Pero no pudo sentir auténtica melancolía, porque toda la melancolía se la había llevado el Otro Yo. - Mario Benedetti 



Para o 9o ano do Colégio São Domingos
- Acorda, acorda...

- Outra vez você

- Ainda não resolvemos as nossas diferenças...

- E nunca vamos resolvê-las

- Como assim nunca, devemos sempre buscar nosso equilíbrio, agradar a todos, ser querida por todos.

- Ridículo... Ninguém consegue isso. Sério mesmo que você tem isso como objetivo de vida?

- E por que não? A harmonia, a relação fraterna com o outro, a...

- A vida morna, a fuga dos conflitos, a necessidade de sentir-se aprovada pelos outros, de atender às expectativas alheias.

- Como você é exagerada! Não é isso, é apenas pensar no outro, cuidar dos sentimentos e não deixar que ninguém a sua volta se magoe, se machuque...

- Mas, e eu? E o que eu sinto? E quem vai cuidar dos meus sentimentos, das minhas emoções?

- Mas quando se tem uma vida morna as emoções individuais também passam a ser mínimas. Quase não terá tempo para elas, cuidar do mundo demanda tempo...

- Não leve a mal, não é que eu não pense no outro, ou não queira cuidar do mundo, mas será que eu posso escolher simplesmente senti-lo?
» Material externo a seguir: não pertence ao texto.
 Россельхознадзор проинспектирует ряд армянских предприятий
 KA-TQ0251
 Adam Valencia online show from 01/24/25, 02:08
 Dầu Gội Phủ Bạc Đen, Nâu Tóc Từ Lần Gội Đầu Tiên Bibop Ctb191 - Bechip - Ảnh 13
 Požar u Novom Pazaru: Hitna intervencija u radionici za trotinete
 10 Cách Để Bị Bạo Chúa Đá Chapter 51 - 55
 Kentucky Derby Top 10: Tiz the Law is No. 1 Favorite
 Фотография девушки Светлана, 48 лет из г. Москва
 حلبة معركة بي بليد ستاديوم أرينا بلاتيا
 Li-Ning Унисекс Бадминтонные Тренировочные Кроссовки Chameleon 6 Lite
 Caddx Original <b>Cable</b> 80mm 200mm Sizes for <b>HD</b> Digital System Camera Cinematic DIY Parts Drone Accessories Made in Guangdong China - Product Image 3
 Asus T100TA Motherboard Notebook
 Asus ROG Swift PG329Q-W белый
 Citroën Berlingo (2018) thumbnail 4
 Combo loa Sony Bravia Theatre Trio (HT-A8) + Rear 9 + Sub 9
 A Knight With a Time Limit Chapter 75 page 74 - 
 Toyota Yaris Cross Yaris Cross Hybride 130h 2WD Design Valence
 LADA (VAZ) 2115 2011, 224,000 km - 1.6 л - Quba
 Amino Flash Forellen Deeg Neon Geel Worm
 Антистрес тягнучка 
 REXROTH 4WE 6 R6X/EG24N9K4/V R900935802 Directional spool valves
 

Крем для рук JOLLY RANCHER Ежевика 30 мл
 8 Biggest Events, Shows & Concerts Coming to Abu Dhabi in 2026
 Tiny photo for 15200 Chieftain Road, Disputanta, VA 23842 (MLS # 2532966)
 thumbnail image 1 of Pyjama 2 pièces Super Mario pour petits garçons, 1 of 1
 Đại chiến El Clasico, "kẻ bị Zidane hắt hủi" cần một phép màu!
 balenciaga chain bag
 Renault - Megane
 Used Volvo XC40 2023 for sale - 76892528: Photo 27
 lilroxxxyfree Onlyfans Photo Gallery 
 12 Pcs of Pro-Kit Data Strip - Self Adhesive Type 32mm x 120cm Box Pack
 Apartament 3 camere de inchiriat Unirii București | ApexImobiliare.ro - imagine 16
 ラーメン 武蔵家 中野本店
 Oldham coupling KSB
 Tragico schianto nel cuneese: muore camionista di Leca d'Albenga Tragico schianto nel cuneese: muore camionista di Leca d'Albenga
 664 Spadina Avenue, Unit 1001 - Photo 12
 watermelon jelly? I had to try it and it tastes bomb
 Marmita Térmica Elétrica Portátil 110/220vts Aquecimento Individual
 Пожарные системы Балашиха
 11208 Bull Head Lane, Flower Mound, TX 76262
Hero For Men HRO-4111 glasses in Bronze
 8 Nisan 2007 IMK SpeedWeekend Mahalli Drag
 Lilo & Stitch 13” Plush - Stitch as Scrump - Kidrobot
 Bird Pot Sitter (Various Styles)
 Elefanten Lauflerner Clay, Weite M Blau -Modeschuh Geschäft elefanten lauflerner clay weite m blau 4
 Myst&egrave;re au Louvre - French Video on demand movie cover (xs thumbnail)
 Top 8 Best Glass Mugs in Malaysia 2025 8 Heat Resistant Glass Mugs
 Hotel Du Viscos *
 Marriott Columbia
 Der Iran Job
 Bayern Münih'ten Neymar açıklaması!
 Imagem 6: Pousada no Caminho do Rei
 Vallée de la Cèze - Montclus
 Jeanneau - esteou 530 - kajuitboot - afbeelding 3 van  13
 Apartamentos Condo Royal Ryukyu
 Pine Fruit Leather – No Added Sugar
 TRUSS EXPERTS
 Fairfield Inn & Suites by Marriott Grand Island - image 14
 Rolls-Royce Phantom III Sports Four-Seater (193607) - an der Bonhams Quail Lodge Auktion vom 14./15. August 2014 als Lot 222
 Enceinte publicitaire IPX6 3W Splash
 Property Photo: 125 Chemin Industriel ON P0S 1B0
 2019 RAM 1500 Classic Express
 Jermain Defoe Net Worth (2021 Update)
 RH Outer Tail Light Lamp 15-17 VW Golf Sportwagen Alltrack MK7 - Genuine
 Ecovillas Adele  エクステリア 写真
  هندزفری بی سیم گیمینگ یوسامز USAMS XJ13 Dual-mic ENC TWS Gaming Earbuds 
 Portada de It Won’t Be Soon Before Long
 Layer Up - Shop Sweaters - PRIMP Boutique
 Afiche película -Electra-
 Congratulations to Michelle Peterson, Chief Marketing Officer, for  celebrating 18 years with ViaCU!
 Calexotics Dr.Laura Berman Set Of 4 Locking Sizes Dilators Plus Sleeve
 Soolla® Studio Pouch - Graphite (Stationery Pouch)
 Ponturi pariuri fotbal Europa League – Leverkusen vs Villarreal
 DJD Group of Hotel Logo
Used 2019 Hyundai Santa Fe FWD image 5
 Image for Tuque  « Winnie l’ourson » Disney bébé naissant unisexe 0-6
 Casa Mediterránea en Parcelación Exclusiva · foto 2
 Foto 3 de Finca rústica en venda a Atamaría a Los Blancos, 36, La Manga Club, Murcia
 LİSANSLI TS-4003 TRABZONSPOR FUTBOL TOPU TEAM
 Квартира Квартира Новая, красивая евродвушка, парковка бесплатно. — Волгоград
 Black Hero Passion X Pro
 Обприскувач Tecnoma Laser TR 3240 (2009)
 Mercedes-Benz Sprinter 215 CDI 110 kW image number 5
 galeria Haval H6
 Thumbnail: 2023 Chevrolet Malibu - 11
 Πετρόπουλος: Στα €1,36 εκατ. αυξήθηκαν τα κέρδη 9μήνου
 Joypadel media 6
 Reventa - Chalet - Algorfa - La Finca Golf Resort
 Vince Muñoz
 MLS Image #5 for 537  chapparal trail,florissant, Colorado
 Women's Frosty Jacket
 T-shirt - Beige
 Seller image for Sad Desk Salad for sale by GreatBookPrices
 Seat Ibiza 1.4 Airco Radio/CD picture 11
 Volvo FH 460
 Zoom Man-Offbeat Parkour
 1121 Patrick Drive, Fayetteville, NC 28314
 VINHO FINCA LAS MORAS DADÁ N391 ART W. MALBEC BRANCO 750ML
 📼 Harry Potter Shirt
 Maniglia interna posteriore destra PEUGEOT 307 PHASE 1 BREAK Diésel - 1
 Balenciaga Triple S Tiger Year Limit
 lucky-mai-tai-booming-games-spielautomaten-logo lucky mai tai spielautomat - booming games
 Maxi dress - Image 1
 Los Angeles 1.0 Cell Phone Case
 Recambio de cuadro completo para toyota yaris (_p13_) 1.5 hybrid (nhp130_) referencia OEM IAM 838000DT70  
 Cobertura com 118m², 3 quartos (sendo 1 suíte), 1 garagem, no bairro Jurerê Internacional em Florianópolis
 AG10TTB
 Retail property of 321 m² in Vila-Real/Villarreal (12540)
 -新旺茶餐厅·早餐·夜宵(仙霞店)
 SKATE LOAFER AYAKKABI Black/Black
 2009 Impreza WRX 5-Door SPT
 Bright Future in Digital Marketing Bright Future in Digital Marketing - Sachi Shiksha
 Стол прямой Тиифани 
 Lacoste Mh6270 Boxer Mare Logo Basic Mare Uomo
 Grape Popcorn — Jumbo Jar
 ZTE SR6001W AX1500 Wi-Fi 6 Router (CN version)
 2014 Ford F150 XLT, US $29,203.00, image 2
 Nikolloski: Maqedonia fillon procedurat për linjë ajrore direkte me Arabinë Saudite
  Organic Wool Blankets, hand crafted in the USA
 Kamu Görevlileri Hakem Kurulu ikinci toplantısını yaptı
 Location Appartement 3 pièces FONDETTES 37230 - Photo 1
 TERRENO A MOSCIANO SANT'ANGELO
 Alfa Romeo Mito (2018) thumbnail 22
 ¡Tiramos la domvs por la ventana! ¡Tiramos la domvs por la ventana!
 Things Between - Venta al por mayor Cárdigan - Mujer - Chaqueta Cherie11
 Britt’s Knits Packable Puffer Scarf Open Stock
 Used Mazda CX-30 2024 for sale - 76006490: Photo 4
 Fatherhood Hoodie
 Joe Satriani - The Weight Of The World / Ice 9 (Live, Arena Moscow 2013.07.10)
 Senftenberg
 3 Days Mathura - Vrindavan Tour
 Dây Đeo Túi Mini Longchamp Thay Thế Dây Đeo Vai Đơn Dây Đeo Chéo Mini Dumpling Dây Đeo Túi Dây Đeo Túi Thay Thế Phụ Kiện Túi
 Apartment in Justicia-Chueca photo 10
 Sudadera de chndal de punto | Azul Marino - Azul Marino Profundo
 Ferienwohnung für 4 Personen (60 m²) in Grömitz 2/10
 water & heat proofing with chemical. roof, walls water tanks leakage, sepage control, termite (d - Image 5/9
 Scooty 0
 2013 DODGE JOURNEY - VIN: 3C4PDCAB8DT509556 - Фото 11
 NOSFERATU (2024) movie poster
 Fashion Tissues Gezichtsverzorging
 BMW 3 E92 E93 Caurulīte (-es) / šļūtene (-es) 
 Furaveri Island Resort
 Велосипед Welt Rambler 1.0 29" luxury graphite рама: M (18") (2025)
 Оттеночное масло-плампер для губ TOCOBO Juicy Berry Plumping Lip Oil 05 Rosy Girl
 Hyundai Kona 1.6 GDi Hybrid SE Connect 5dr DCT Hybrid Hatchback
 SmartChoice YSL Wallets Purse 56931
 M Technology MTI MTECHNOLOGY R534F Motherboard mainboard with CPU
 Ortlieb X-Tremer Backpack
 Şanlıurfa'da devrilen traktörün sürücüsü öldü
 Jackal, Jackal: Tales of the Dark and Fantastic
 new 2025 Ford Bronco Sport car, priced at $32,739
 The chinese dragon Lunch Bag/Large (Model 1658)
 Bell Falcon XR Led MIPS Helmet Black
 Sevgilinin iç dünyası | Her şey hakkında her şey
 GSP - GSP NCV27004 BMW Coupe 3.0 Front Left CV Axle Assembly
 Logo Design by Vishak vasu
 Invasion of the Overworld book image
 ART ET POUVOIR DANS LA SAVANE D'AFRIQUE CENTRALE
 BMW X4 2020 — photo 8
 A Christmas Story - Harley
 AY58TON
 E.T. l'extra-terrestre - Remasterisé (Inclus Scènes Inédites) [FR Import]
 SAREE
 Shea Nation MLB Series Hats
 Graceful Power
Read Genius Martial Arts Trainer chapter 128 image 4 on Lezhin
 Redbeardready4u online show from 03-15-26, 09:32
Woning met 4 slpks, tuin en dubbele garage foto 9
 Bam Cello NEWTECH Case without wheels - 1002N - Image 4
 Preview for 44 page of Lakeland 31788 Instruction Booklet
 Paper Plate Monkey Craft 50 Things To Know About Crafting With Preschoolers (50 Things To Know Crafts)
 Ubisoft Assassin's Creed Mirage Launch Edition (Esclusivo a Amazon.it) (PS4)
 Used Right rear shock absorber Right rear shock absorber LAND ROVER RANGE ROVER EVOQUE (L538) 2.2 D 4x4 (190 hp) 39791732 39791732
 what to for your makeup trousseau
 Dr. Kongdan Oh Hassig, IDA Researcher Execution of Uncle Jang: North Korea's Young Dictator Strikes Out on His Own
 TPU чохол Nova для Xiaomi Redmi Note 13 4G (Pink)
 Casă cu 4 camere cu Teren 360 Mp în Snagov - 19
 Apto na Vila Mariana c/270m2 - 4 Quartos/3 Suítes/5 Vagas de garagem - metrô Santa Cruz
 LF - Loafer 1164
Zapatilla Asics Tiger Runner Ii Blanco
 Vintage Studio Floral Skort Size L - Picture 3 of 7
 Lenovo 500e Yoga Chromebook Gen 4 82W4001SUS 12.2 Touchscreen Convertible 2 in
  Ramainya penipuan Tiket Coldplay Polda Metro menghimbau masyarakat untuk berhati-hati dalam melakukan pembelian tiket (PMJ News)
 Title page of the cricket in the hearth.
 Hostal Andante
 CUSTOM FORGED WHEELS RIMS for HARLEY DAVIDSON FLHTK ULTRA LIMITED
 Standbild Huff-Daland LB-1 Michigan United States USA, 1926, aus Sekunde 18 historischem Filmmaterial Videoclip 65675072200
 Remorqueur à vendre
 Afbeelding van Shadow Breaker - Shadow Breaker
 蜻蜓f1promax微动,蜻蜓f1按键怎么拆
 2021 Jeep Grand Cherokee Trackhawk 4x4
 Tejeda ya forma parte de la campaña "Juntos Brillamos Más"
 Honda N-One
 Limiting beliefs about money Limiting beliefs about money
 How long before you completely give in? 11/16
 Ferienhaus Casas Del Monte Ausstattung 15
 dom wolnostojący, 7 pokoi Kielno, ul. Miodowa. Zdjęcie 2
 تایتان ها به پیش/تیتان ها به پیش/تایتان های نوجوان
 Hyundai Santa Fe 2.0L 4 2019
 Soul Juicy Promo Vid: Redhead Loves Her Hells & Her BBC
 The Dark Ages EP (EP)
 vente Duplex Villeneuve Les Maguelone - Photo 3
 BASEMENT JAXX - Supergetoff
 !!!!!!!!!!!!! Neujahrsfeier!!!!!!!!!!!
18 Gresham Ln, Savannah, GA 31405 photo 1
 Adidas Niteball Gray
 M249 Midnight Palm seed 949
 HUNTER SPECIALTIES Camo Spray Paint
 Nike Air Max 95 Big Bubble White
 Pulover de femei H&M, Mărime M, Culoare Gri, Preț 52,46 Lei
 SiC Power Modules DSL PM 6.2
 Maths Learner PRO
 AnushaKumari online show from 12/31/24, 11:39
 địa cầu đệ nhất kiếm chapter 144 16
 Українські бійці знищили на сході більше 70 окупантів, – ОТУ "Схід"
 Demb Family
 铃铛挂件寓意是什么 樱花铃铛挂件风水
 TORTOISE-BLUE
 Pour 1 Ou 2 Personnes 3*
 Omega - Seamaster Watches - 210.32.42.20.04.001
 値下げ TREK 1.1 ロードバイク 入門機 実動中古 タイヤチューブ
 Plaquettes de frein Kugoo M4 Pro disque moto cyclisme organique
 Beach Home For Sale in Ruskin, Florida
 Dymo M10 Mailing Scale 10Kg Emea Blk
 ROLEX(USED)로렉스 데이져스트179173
Fazer parte dele? Intensamente?

- Mas aí surge o risco de se machucar, e se machucando você perde a força, e surge o risco de se descontrolar, de não conseguir lidar com as incertezas do mundo...

- E sofrerei

- Sofrerá

- E chorarei

- Chorará

- E doerá

- Absurdamente

- E não terei tido uma vida morna, não terei passado, terei experimentado as dores e as delícias do mundo...

- Mas a que preço...

- É... o preço... a angústia... a incerteza...

- A solidão

- A possível solidão... Mas essa pode acontecer estando ou não acompanhada.

- ...

- Ande, volte para a cama, deite-se, volte a dormir que por enquanto sou eu quem se mostra, você já esteve em evidência tempo demais...

- É, até você cansar de se machucar

- Não, meu bem, até eu cansar de viver!